Provided records:
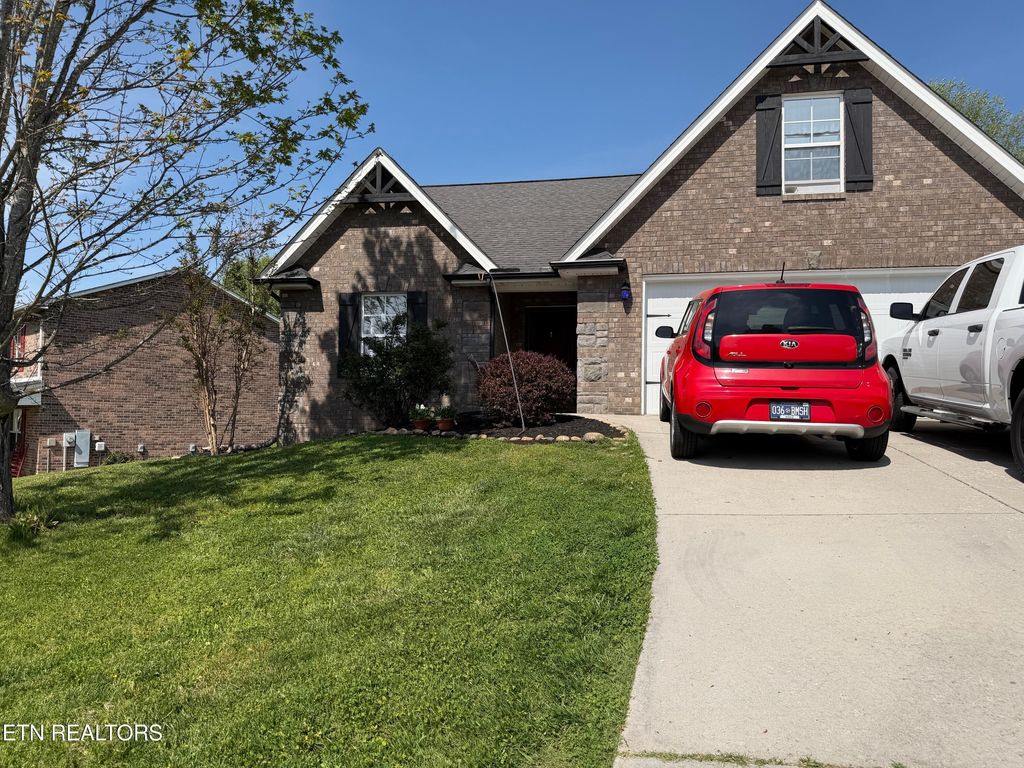 Photo of 7715 Applecross Rd, Corryton, TN 37721 (MLS # 1336798)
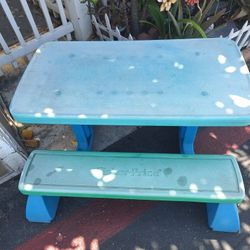 Kids Outdoor Table 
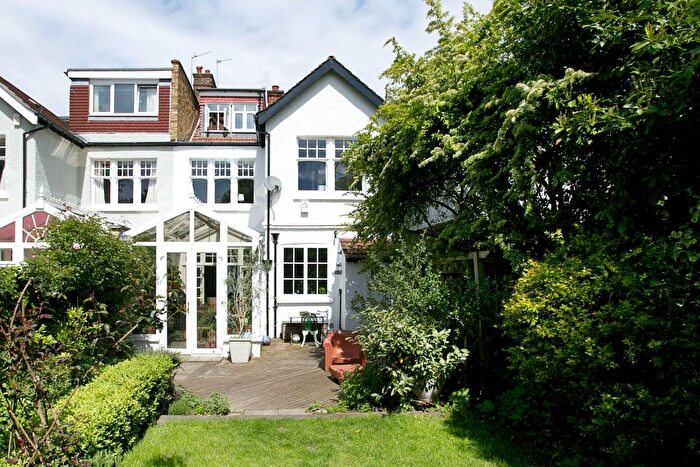 5 Bedroom Semi-Detached House To Rent In Kirkstall Road, London, SW2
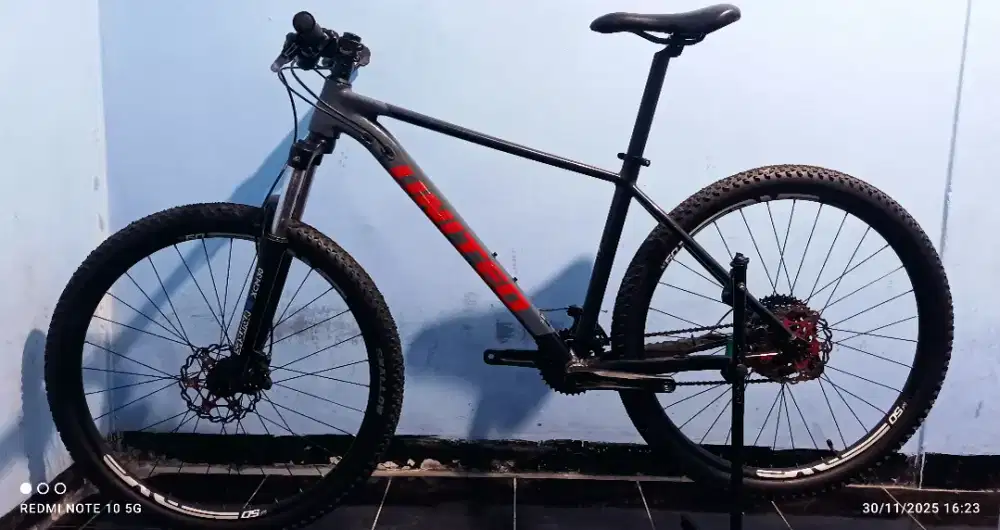 dijual sepeda MTB clovis 5.0 size m 27.5 inch spek sesuai gambar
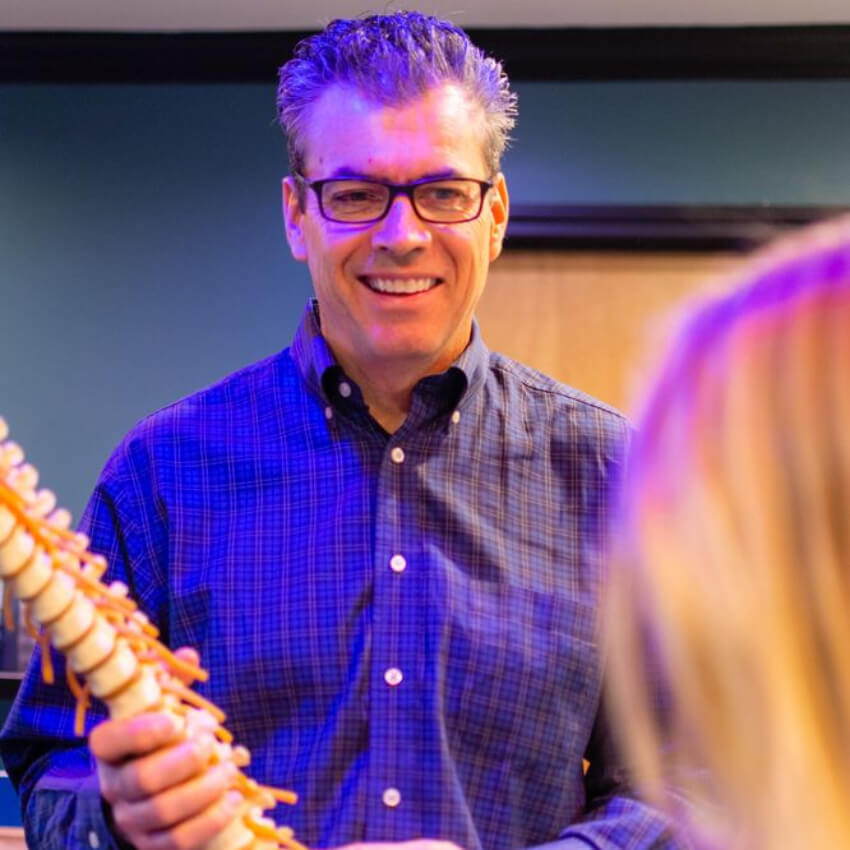 Glasgow chiropractor in discussion with a patient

What the exercise asks: The data above needs to be retyped exactly, with the images left out.

Exercise result:
 Photo of 7715 Applecross Rd, Corryton, TN 37721 (MLS # 1336798)
 Kids Outdoor Table 
 5 Bedroom Semi-Detached House To Rent In Kirkstall Road, London, SW2
 dijual sepeda MTB clovis 5.0 size m 27.5 inch spek sesuai gambar
 Glasgow chiropractor in discussion with a patient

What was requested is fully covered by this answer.